Essential Amino Acids in Vegetables

Closed Up Image of Some Red Japanese Potatoes, an Onion, Potatoes and Broad Beans, High Angle View, Differential Focus
Potatoes, soybeans and an onion on linen. (Image: DAJ/amana images/Getty Images)

Amino acids are the building blocks of protein, used by the body to grow and repair tissue, break down food and carry out many other bodily functions. Of the 21 amino acids, nine are essential, meaning they must be obtained from the diet. These nine are leucine, isoleucine, lysine, tryptophan, histidine, phenylalanine, valine, methionine and threonine. While protein sources such as meat, eggs and dairy are good sources of amino acids, vegetables can also help you meet your daily requirement of these essential nutrients.

Starchy Vegetables

Starchy vegetables such as white potatoes, corn and sweet potatoes are good sources of amino acids in the diet. Like a majority of plant-based foods, starchy vegetables are considered an incomplete protein. An incomplete protein is a food that is lacking one or more of the nine essential amino acids. Starchy vegetables do not contain the amino acid lysine, which must be obtained from another food in the diet.

Beans and Legumes

Beans and legumes are a good source of vegetable-based amino acids. Some examples of these foods include black beans, kidney beans, peas, lentils, garbanzo beans and peanuts. Beans and legumes contain high levels of the amino acid lysine but do not contain methionine. This is why it is often recommended to consume beans with rice, since grains are high in methionine.
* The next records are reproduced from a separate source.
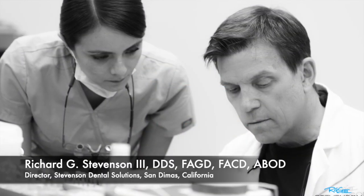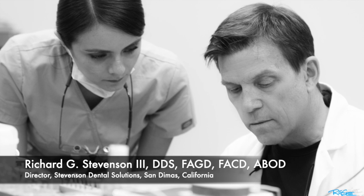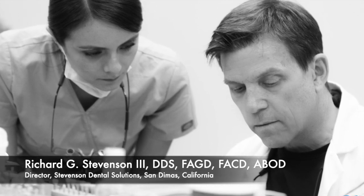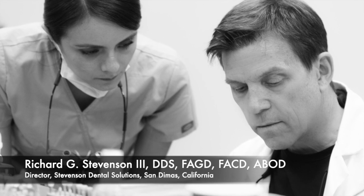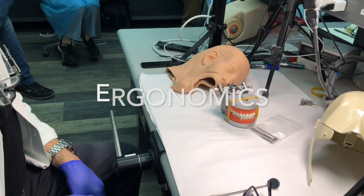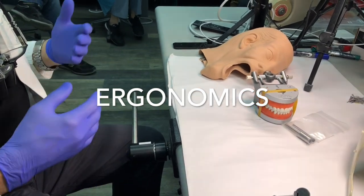Hi everybody, I'm Dr. Richard Stevenson, director of Stevenson Dental Solutions in San Dimas, California. Today I'm going to show you a brief excerpt from one of our sessions on ergonomics. Hope you enjoy this session.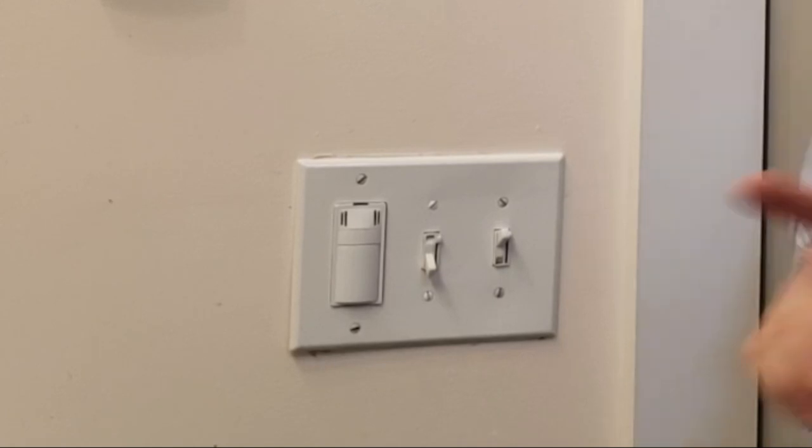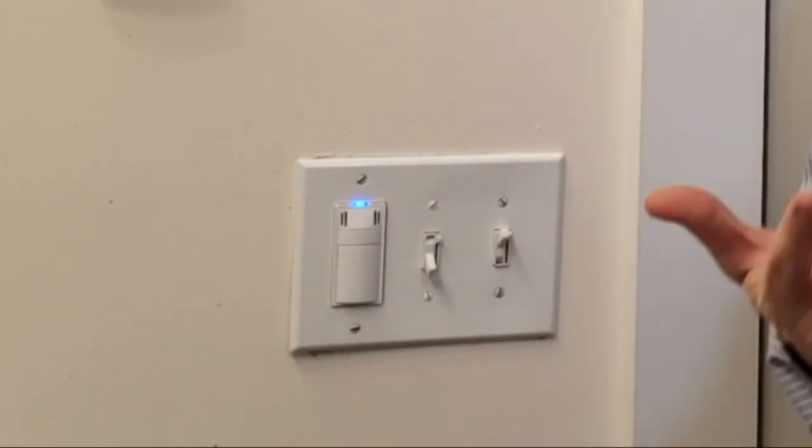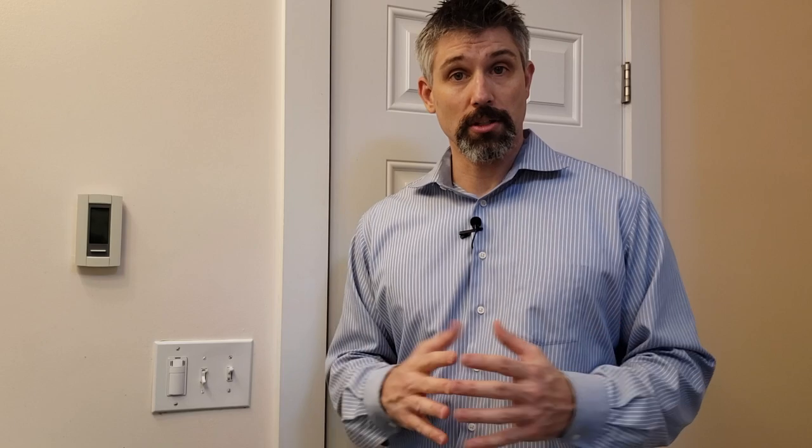So this device right here has a humidity sensor built in. It will automatically turn on once it senses too much humidity. Now to be clear, I can turn it on and off by pushing the button.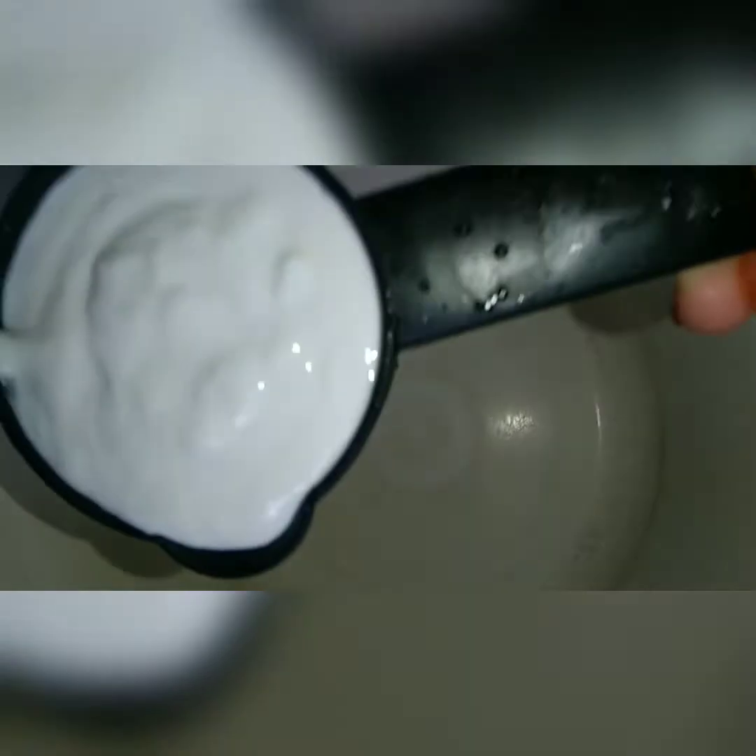Put them in a bowl. You can add the whipping cream. Let's put in a cup of whipping cream.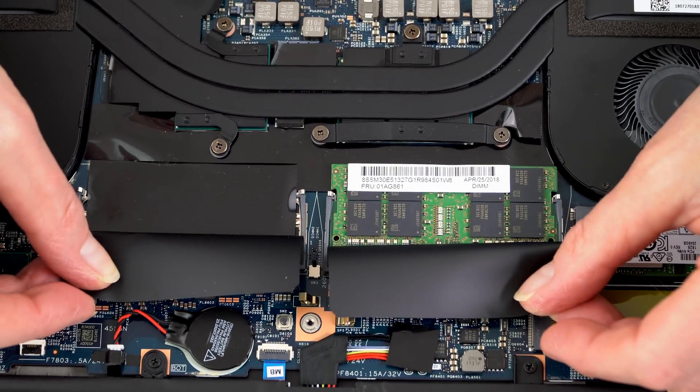Inside, there are two RAM slots — that used to mean a maximum of 32GB of DDR4 2666MHz RAM. But nowadays, if you can find them, there are 32GB modules available, and this machine is compatible, so you could go up to 64GB. There are also two M.2 NVMe SSD slots, just like the X1 Extreme, which is pretty unusual. You can really go crazy with storage — we already have the 2TB option installed, and you can add a second drive if you want.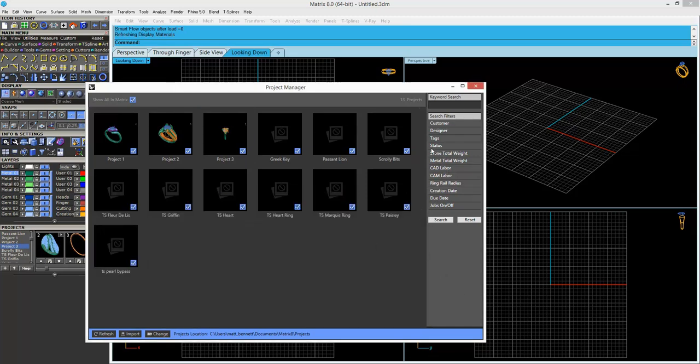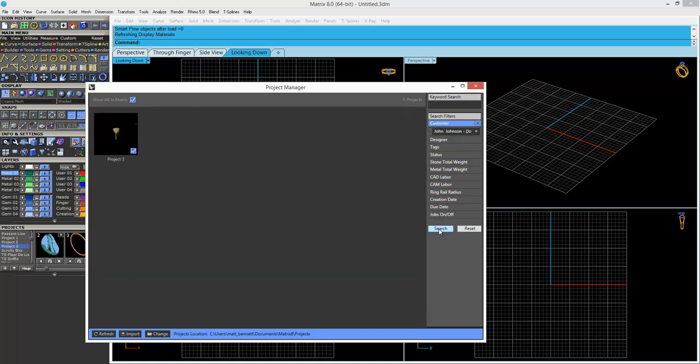Later, search for the item. Use any of the metadata tags that you've applied to the design.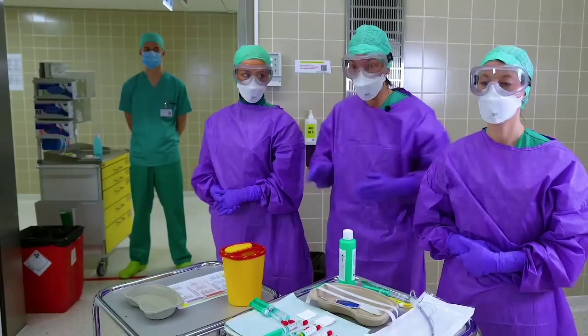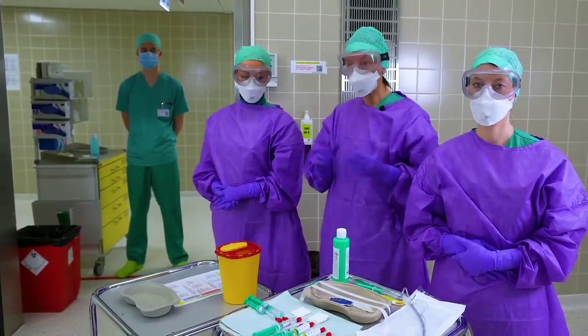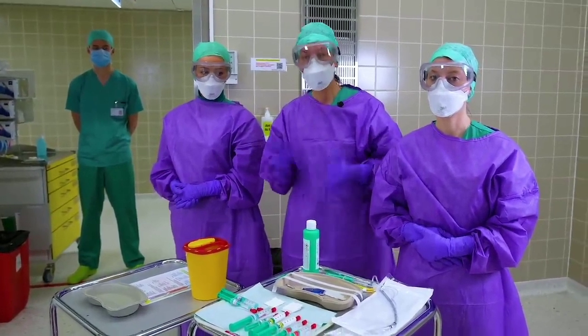Our concept is divided in three phases: the planning phase, intubation and extubation, as well as post-operative care. All these phases are equally important.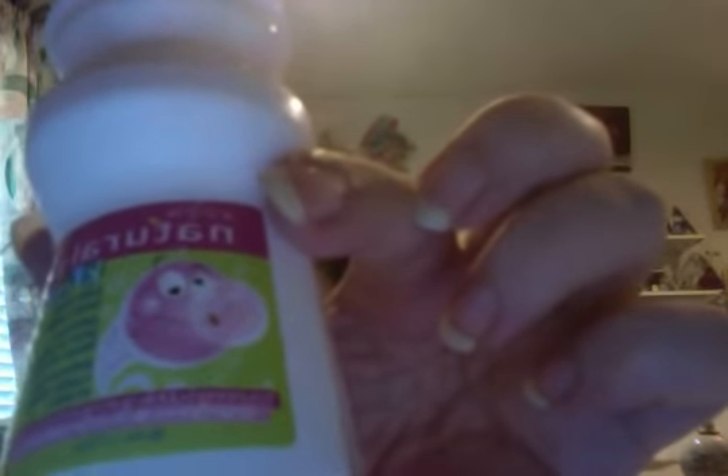With this roll-on bubble gum flavor body paint, just add water for fun. Just ask your Avon Lady for details on this item. Where can you find it? In the Kids Club section in your local Avon book.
This is known as a complementary protein, since each food supplies the amino acid the other lacks. These two foods do not have to be consumed at the same time, but eat them within the same day to reap the benefits of complementary proteins.

Leafy Greens

Leafy green vegetables are sources of a variety of nutrients including amino acids. These vegetables include spinach, kale, romaine, Swiss chard and broccoli. Leafy greens contain higher levels of the amino acids leucine, lysine, phenylalinine and valine. Eating these vegetables along with vegetables that contain higher levels of other amino acids, such as beans, legumes or starchy vegetables, can help you meet the daily requirements for each essential amino acid.

Complete Proteins

While a lot of vegetables are considered incomplete proteins, a few plant-based foods are exceptions to the rule and are complete proteins. Soy can be found in a variety of forms such as whole soybeans, tofu, tempeh, miso and soy milk. Quinoa, a gluten-free pseudo grain, can be eaten and prepared similarly to traditional grains such as rice and barley.